## Data to examine
........

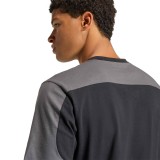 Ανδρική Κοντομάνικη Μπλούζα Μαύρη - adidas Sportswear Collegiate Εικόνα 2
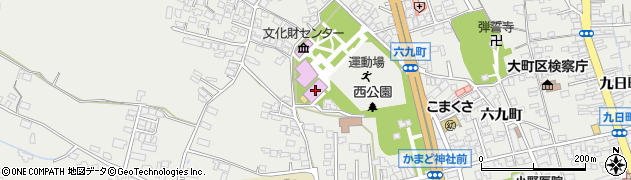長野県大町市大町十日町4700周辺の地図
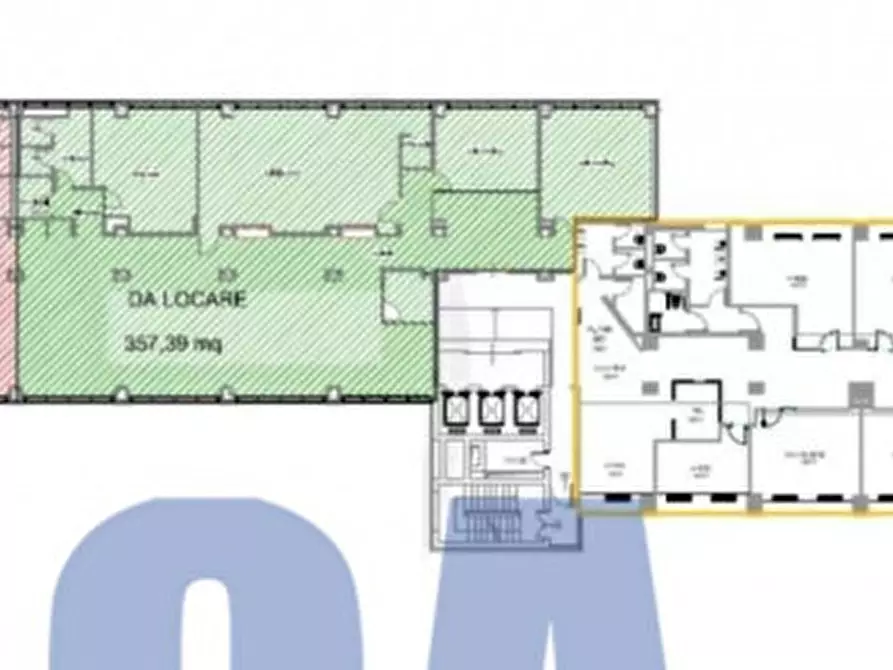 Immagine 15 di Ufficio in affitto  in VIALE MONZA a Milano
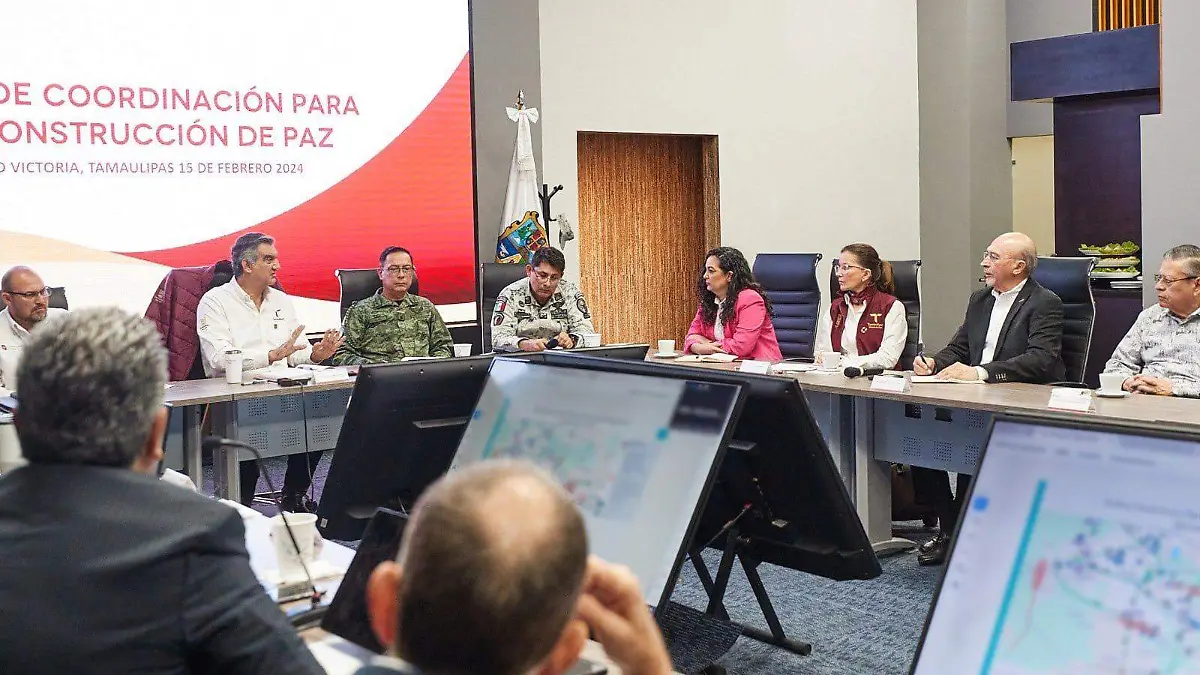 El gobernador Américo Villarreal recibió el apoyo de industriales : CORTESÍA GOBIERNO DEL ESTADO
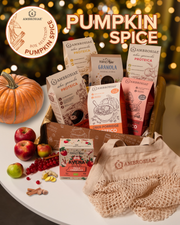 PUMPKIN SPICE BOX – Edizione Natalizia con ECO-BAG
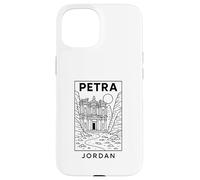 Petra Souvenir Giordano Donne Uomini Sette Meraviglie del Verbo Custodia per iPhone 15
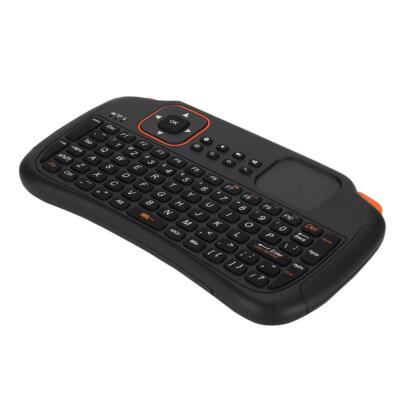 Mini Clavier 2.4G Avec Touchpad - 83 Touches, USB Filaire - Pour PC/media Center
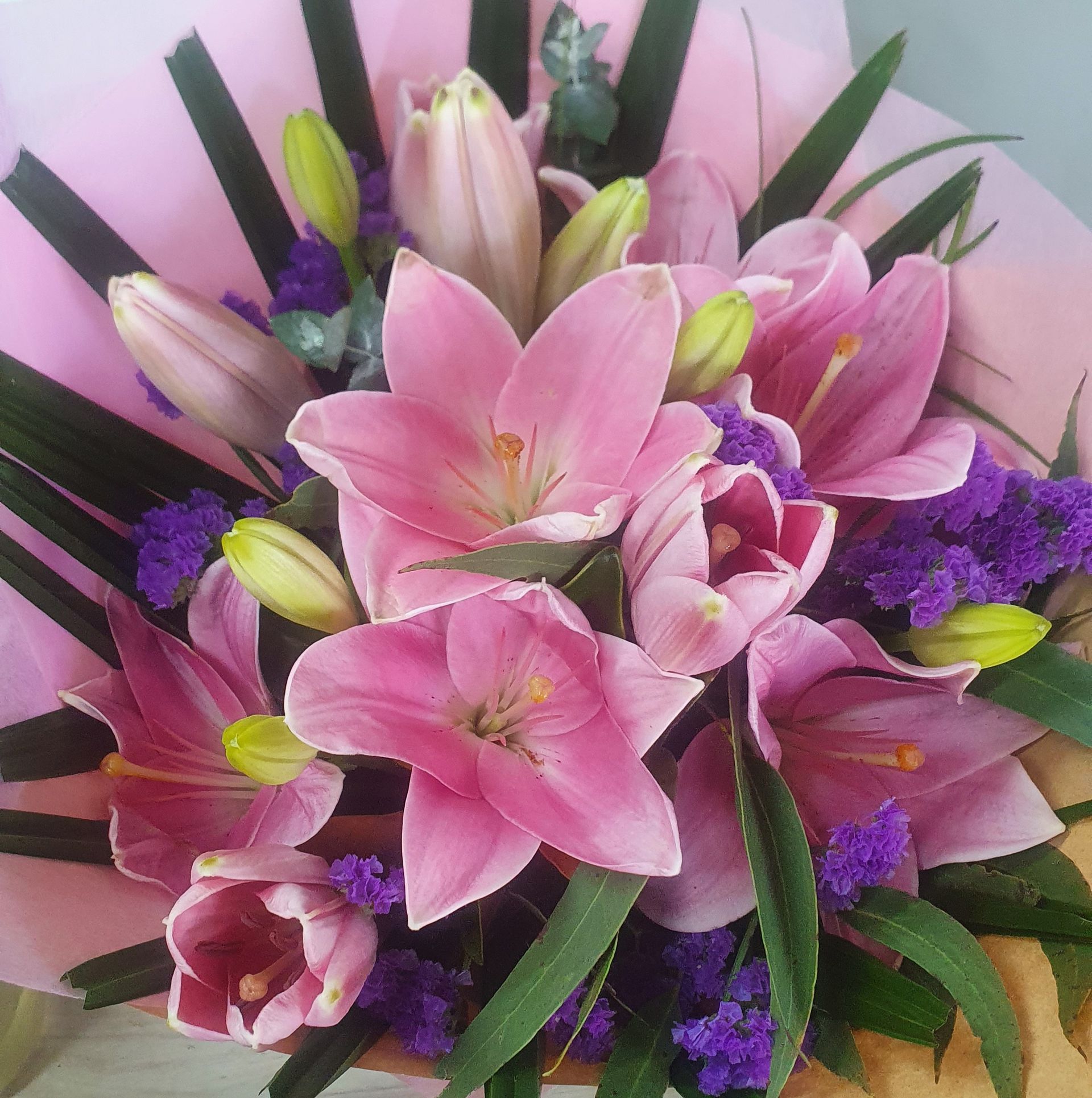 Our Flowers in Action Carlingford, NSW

........

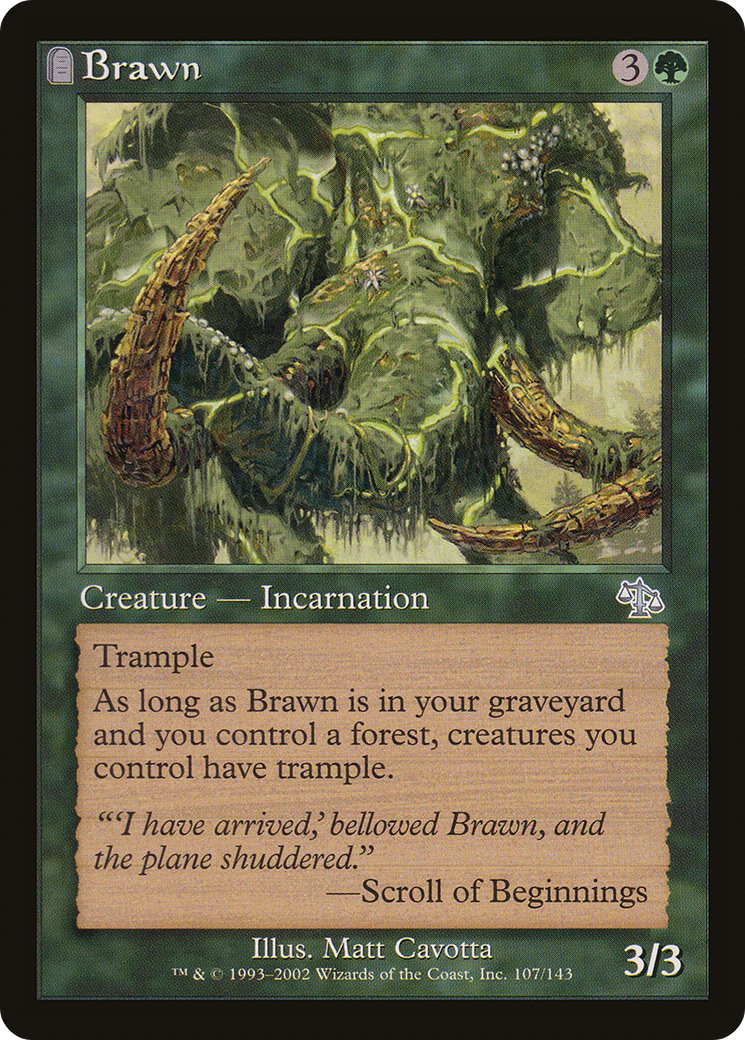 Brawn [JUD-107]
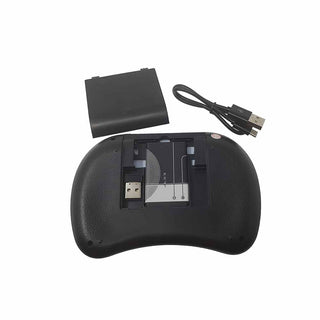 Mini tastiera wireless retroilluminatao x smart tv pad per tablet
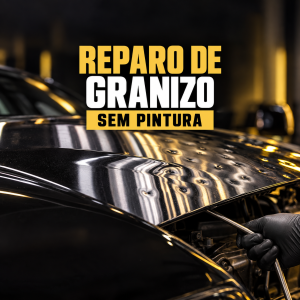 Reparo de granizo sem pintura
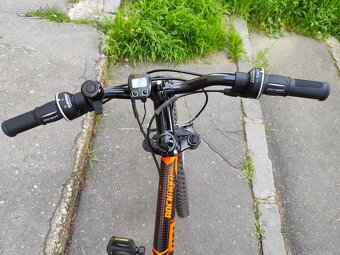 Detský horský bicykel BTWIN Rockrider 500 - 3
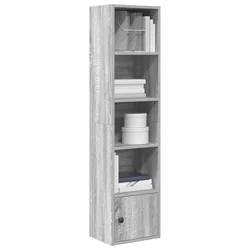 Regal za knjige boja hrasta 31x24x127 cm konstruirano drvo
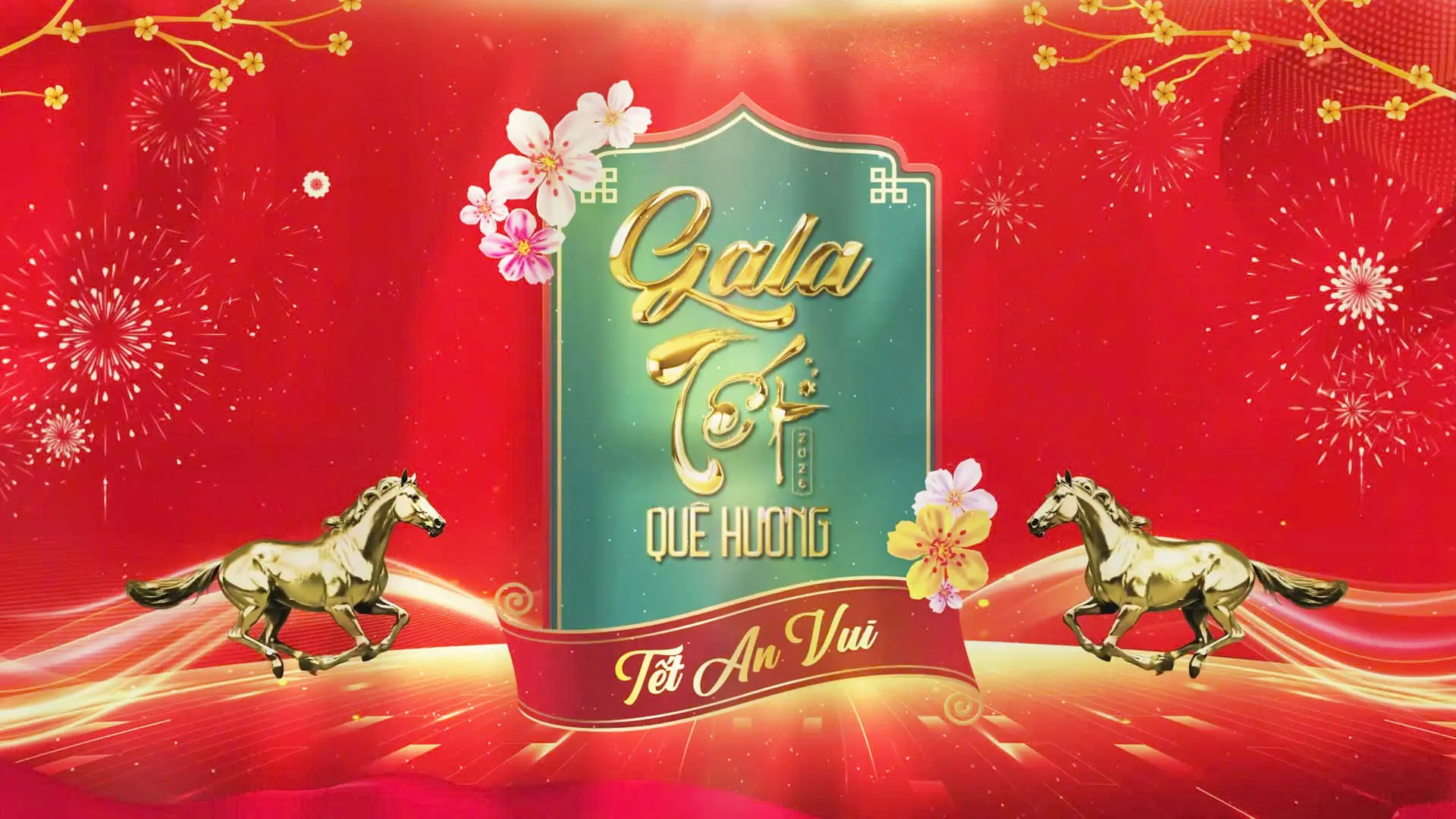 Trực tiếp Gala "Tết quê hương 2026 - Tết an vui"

........

## Exercise objective
Above are the records; restate exactly the lines from the one containing "Mini Clavier 2.4G" through the one containing "Our Flowers in Action Carlingford, NSW", keeping pictures out.

## Solution to this problem
 Mini Clavier 2.4G Avec Touchpad - 83 Touches, USB Filaire - Pour PC/media Center
 Our Flowers in Action Carlingford, NSW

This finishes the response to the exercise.